A febbraio del 2006, poi, si voterà nella 
sessione plenaria del Parlamento europeo la 
risoluzione concernente la «Clausola dei diritti 
dell'uomo e della democrazia negli accordi 
dell'Unione europea» sulla quale ho lavorato 
come relatore, insieme ad associazioni, ONG, 
organizzazioni della  società civile impegnate 
sul fronte dei diritti umani, civili e sociali. 
Si tratta di una clausola inserita in ogni 
accordo stipulato dall'UE con i Paesi terzi, che 
vincola al rispetto dei principi democratici e 
dei diritti umani fondamentali.
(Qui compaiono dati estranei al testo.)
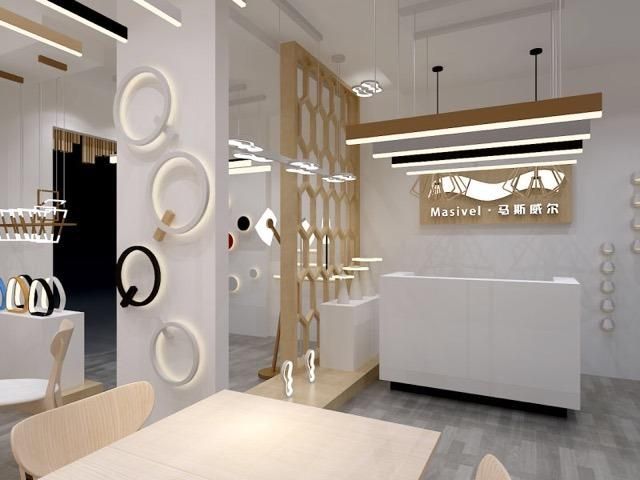 Masivel Simple Nordic Two-Ring Design Home Living Room LED Ceiling Light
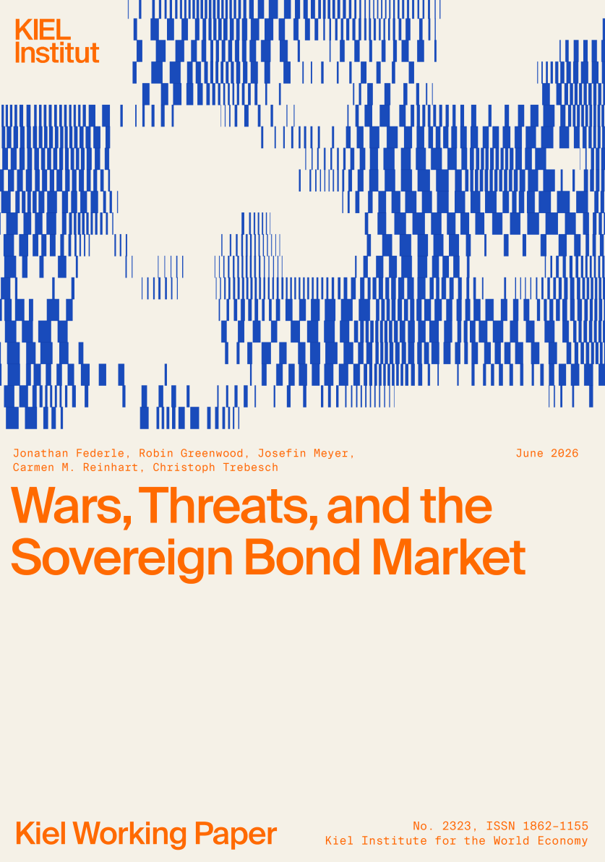 int_mon_econ's tweet photo. Highly relevant!

"Wars, Threats, and the Sovereign Bond Market" by Jonathan Federle, Robin Greenwood, Josefin Meyer, Carmen Reinhart, and Christoph Trebesch.

"We study how wars and military threats affect financial markets. Leveraging more than 300,000 monthly price observations since 1822, we create an external currency bond index for more than 90 countries — the EXBI. Using the EXBI, we document large effects of wars on returns and borrowing costs. In a global external bond portfolio, a one-standard-deviation war shock lowers returns by five percentage points. At the country level, wars at home generate sharp losses and increase default risk. Military threats depress bond prices in threatened states, but not in threatening ones, highlighting their role as a channel for eoeconomic coercion."

https://t.co/DwfmF9hqpE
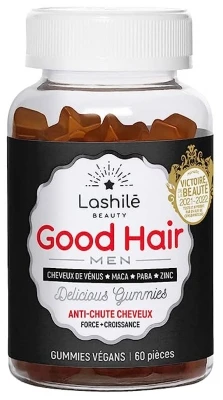 Lashilé Beauty Good Hair Men Anti-Hair Loss 60 Gummies 3 Lashilé Beauty Good Hair Men Anti-Hair Loss 60 Gummies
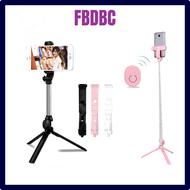 FBDBC Wireless bluetooth selfie stick foldable mini tripod with fill light shutter remote control for iphone Android For Xiaomi JLIHM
Il controllo 
passa non solo attraverso il monitoraggio della 
situazione dei diritti, ma anche per meccanismi 
sanzionatori nel caso di violazioni della 
suddetta clausola. Mi auguro che anche questo 
possa rappresentare un mezzo efficace di tutela 
dei diritti umani, attraverso il quale l'Unione 
Europea possa cercare di impedire altri soprusi 
ai danni delle Comunità di Pace colombiane.